Themes

Four emblems representing key themes of Sailmaker: family relationships, grieving, social class, and religion

Family relationships

A main theme of the play is family relationships. The four characters belong to the same family, although the two father-son relationships differ. Alec and Davie’s family situation is forced to change at the start of the play with the death of Alec's mother.

At the end, it changes again, as Alec chooses to leave the family home and live by himself when he goes to university. Billy and Ian's home life remains static throughout. This symbolises their lives and ambitions as, even when redundancy forces them to seek work elsewhere, they both move to Aberdeen.

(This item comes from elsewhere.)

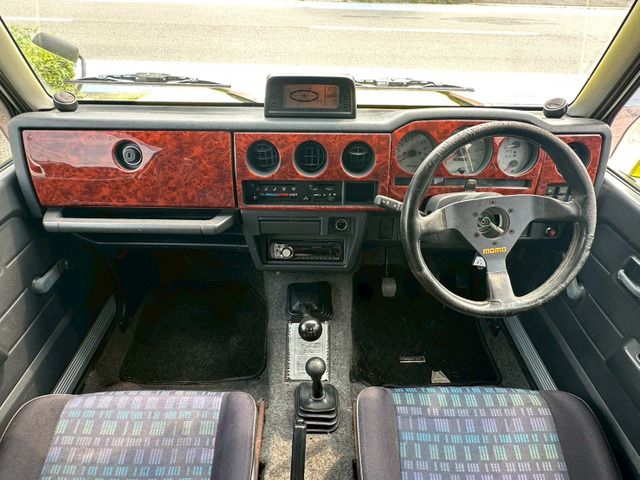 Suzuki JIMNY 1996 6481584-5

Davie is presented as a traditional Scottish working man who cares about his family and shows few feelings. Even when Alec recalls learning of his mother’s death, his father’s words are honest, blunt and unemotional Ah’ve got a bit of bad news for ye son… Yer mammy’s dead. Davie makes no attempt to soften the blow and no reference is made in the stage directions to him holding or comforting his son.

We learn that he turns away and says Ah’ll make a cuppa tea... It is only in a soliloquy that he reveals his feelings of grief. This indicates that, while Davie cares deeply for his son, they are not close and cannot communicate in an open way with one another. This is why it is perhaps easier for Alec to choose his own direction in life at the end of the play.

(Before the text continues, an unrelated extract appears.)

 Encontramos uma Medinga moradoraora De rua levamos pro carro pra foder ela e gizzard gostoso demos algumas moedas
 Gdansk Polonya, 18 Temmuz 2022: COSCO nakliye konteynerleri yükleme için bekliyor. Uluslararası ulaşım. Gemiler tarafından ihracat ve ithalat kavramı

At the start of the play, Alec is both proud and supportive of his father. He boasts about his father’s trade as a sailmaker to Ian, whose attempt to deflate this by reminding Alec his dad is a tick man is ignored.

He sees an opportunity for Davie to return to his trade when he finds the yacht and asks Davie to make a sail, only to be let down when Davie does not get around to it. Billy, by contrast, promises to paint the yacht, and he and Alec enthusiastically discuss colours. The job is completed within a few days.

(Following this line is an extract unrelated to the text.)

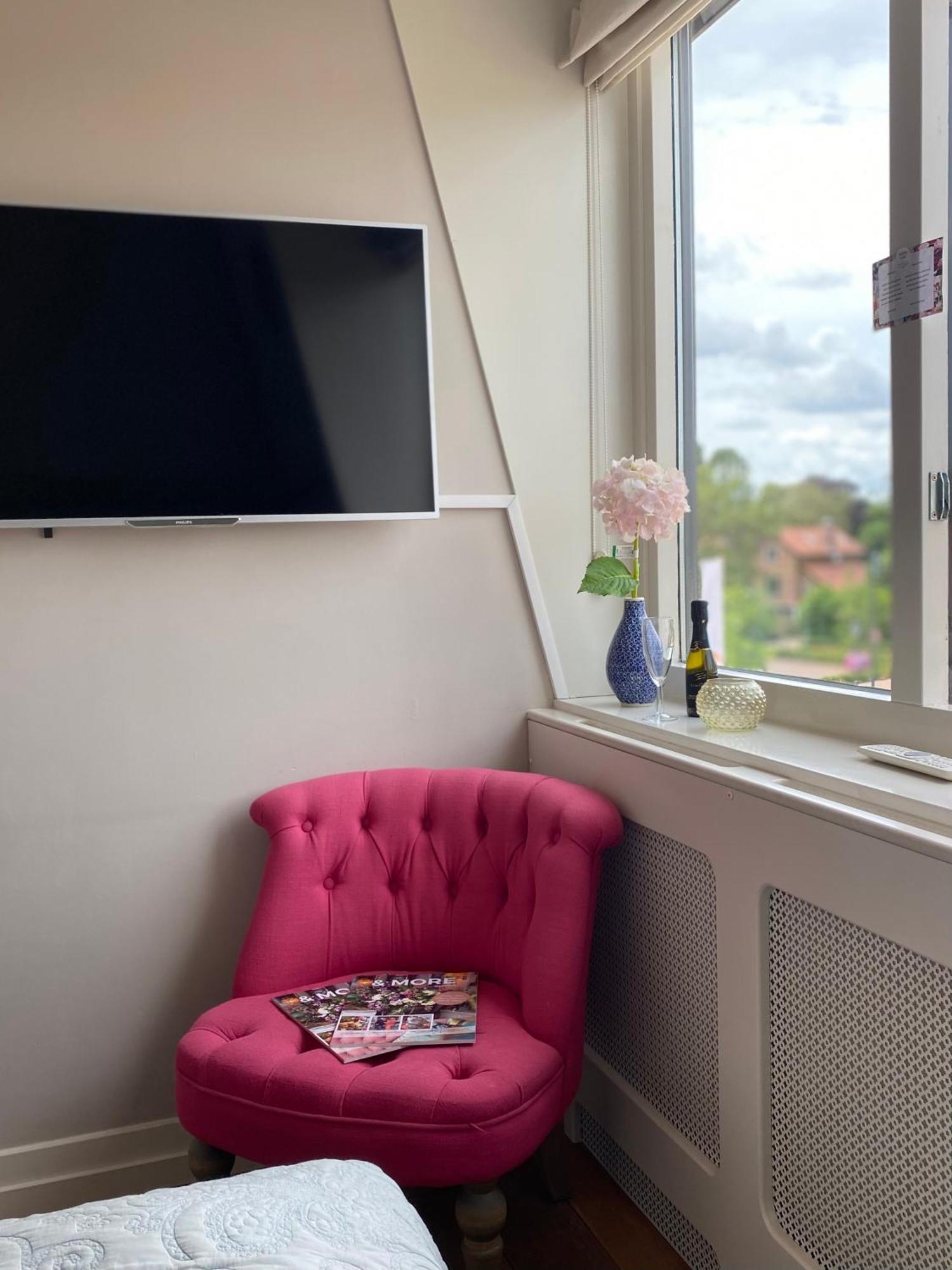 Bubbles & Bed Bilthoven Exterior foto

Cousins Ian and Alec get on well at the start of the play and are seen playing action and adventure games, football, discussing comics and making bows and arrows together. They have a mutual interest in Rangers and like the same music. However, even at this young age, Alec is seen as more sensitive and intellectual than Ian, who is practical and loves football.

Ian has no interest in girls and teases Alec when he admits he likes Maureen. He also mocks Alec when he finds the holy medal and is shocked his cousin would keep a Catholic symbol. Davie’s influence is clear when Alec does not reject the medal as a symbol of another faith but keeps it, reasoning A just sorta … liked it. This demonstrates his open-mindedness.

Billy is largely supportive of Davie, although he fails to understand his grief and believes he needs to pull himself together. His attempt to scare off the bookie to whom Davie owes money ends in failure when the firm closes and all are made redundant. The family separate when Billy and Ian move to Aberdeen in search of work, leaving Davie and Alec behind in Govan.

It is clear from his reading that Davie is a clever man and he impresses upon Alec the importance of a good education and a decent job. Ironically, this leads to the final breakdown in their relationship as Alec's learning encourages him to seek out new opportunities and distances him intellectually from his father.

When he goes to private school Alec is already climbing the social ladder out of Govan, leaving behind his father, who is upset over their lack of communication:

quote
Can ye no talk tae me these days? Can ye no tell me anything? Think ah came fae another planet.